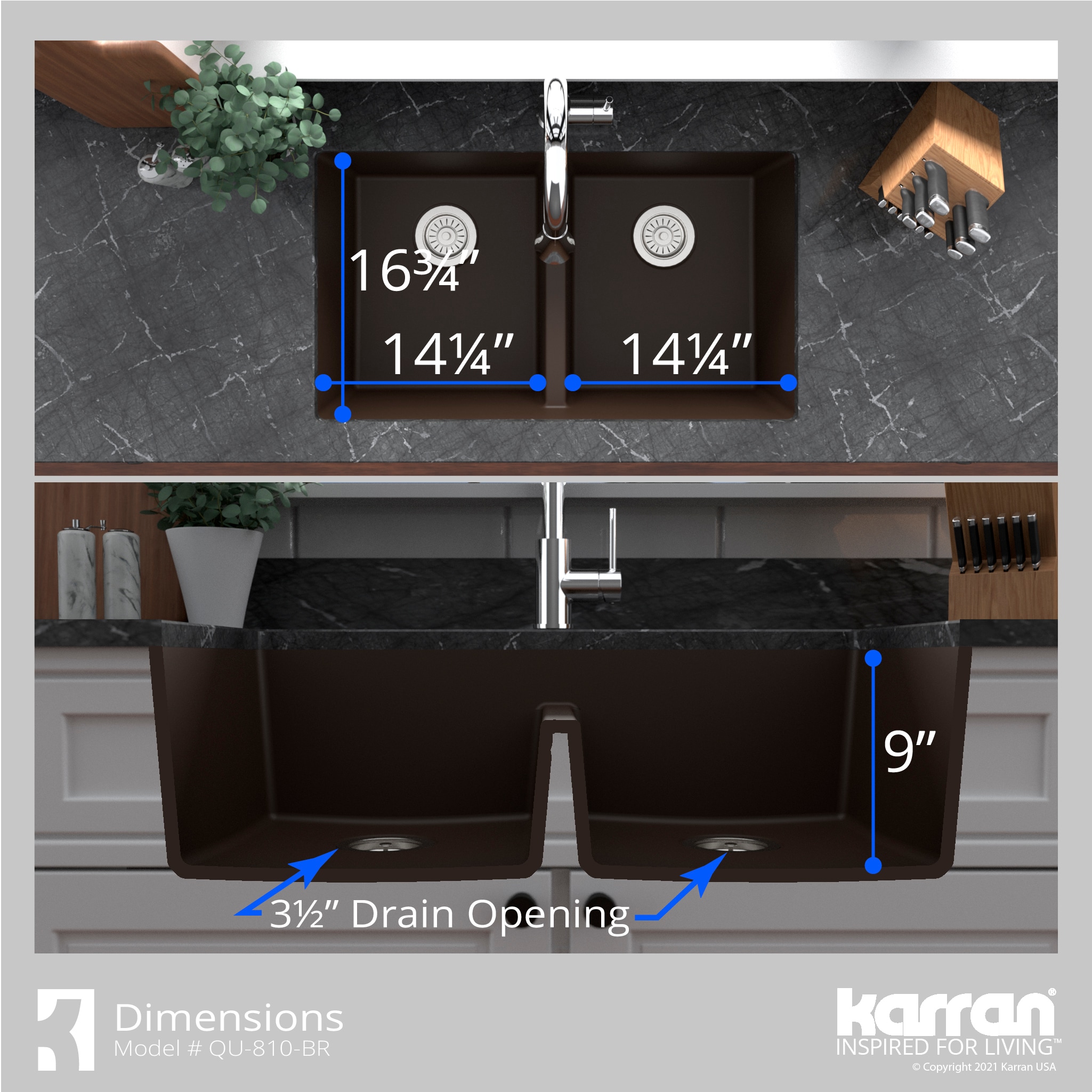 Karran Undermount 32-in x 19.5-in Brown Quartz Double Equal Bowl ...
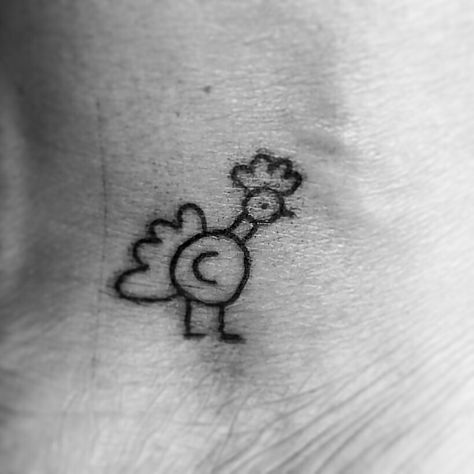 Small Rooster Tattoo Ideas, Small Turkey Tattoo, Rooster Tattoo Simple, Cute Rooster Tattoo, Rubber Chicken Tattoo, Tiny Rooster Tattoo, Small Chicken Tattoo Simple, Tiny Chicken Tattoo, Chicken Feet Tattoo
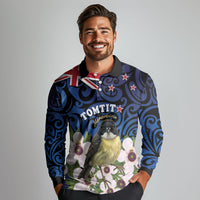 Tomtit New Zealand Personalised Long Sleeve Polo Shirt Miromiro Manuka Flower Maori Pattern LT22 - Polynesian Pride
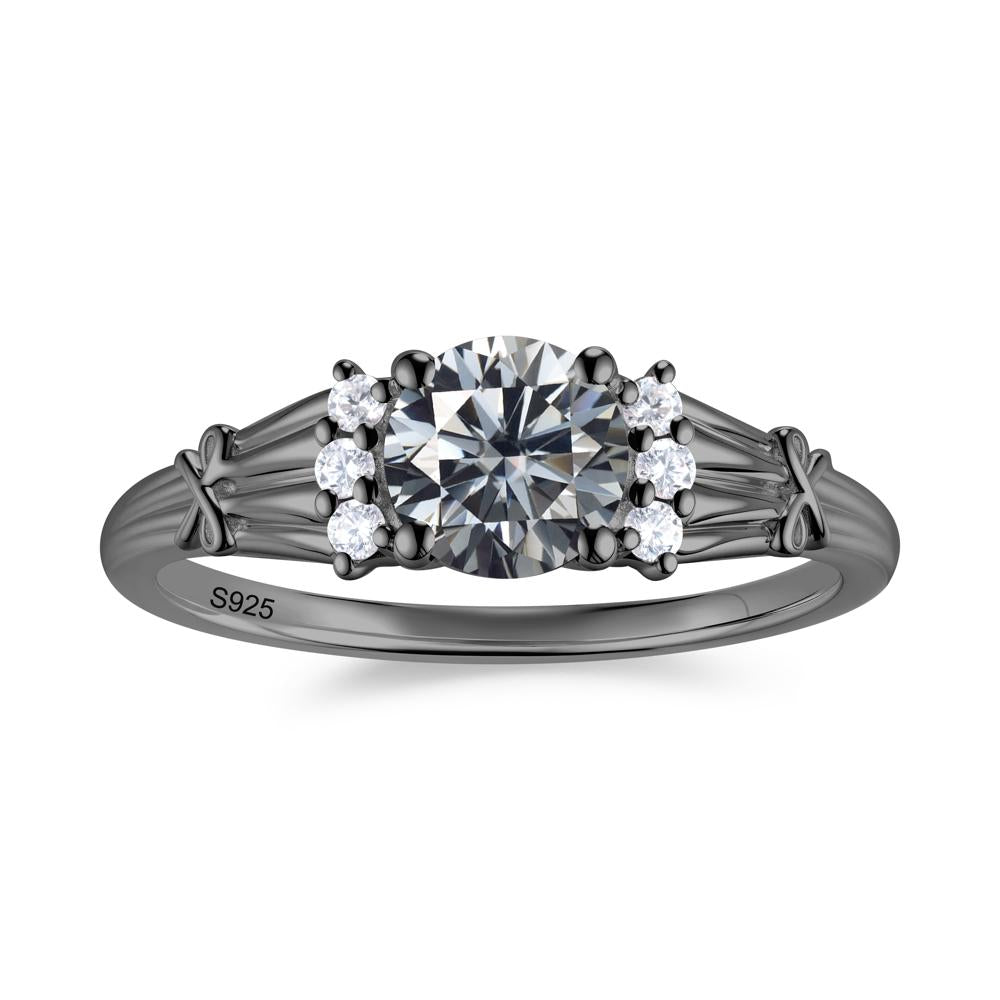 Boho Flower Inspired Cubic Zirconia Ring - LUO Jewelry #gemstone_Grey Moissanite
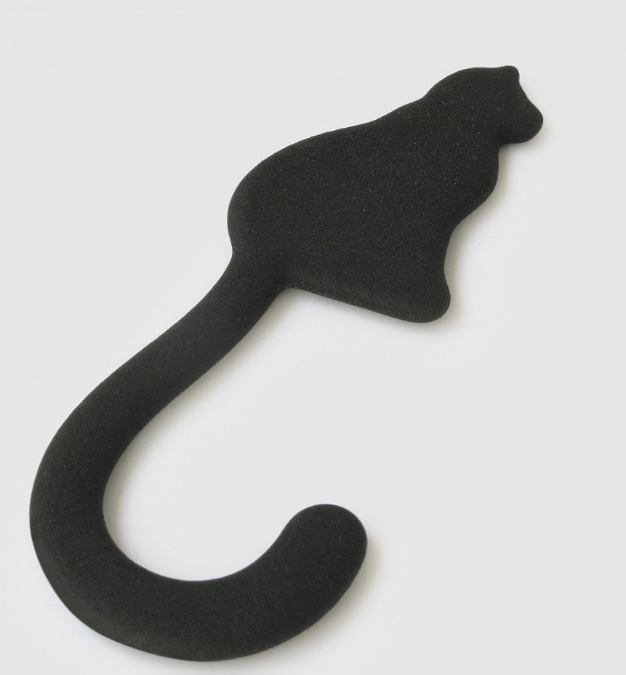 Metal black cat shaped bag holder.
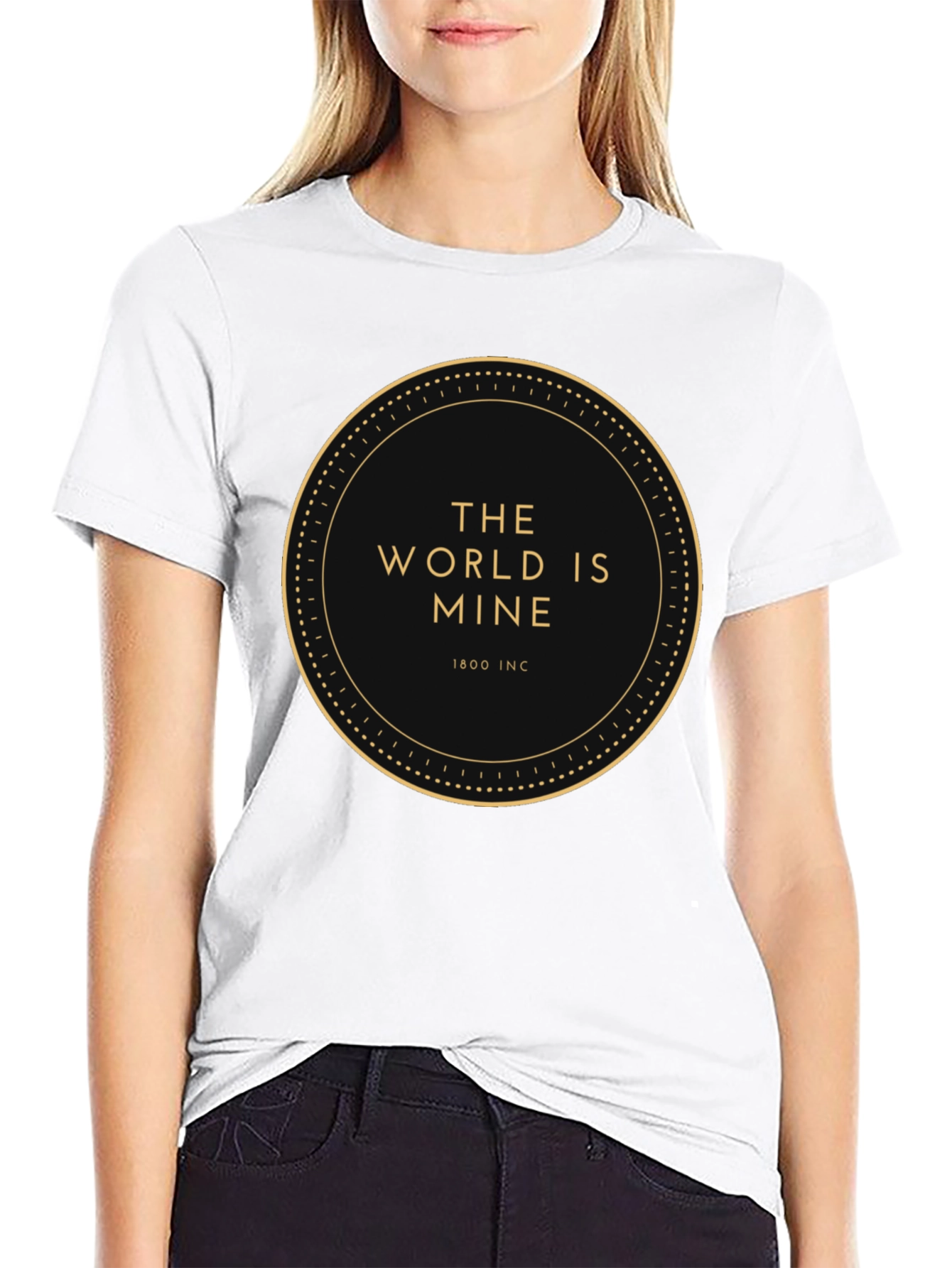 The World Is Mine Mens Black Graphic Tee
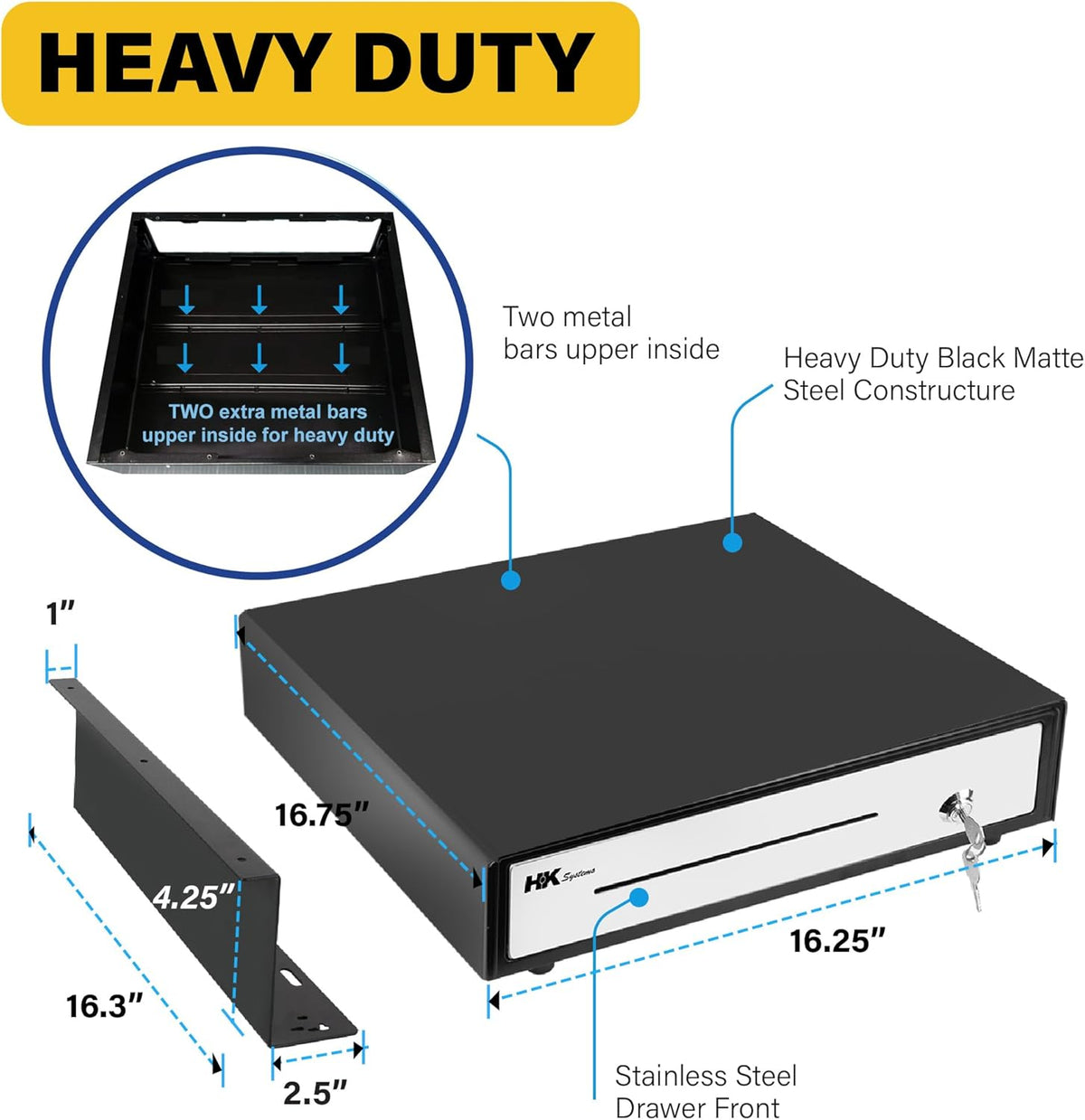 HK SYSTEMS 16" Heavy Duty Black"Push" Open Cash Drawer, 5B5C with Under Counter Mounting Metal Bracket and Till Cover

....

- [Task]:
The records above must be printed exactly; the pictures stay out.

- [Response]:
 Karran Undermount 32-in x 19.5-in Brown Quartz Double Equal Bowl ...
 Small Rooster Tattoo Ideas, Small Turkey Tattoo, Rooster Tattoo Simple, Cute Rooster Tattoo, Rubber Chicken Tattoo, Tiny Rooster Tattoo, Small Chicken Tattoo Simple, Tiny Chicken Tattoo, Chicken Feet Tattoo
 Tomtit New Zealand Personalised Long Sleeve Polo Shirt Miromiro Manuka Flower Maori Pattern LT22 - Polynesian Pride
 Boho Flower Inspired Cubic Zirconia Ring - LUO Jewelry #gemstone_Grey Moissanite
 Metal black cat shaped bag holder.
 The World Is Mine Mens Black Graphic Tee
 HK SYSTEMS 16" Heavy Duty Black"Push" Open Cash Drawer, 5B5C with Under Counter Mounting Metal Bracket and Till Cover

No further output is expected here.